### What you have to do
In the entries below, repeat only the lines between those holding "actuonix L12-S Micro" and "ARxSBx80xCL-arista-clarifying-shampoo-bar", inclusive. Leave pictures out.

++++ Record excerpts

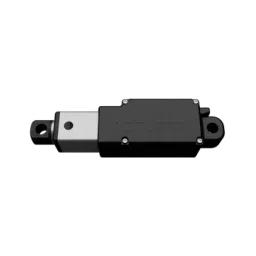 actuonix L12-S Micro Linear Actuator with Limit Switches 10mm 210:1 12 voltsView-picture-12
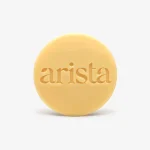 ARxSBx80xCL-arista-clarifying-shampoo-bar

++++++++
++++ Record excerpts

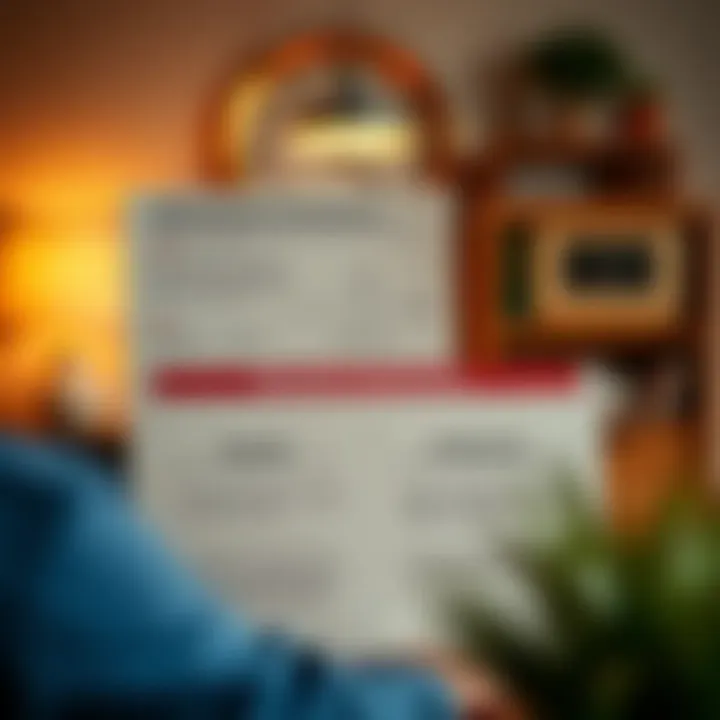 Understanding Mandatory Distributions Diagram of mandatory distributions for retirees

++++++++

### Written answer
 actuonix L12-S Micro Linear Actuator with Limit Switches 10mm 210:1 12 voltsView-picture-12
 ARxSBx80xCL-arista-clarifying-shampoo-bar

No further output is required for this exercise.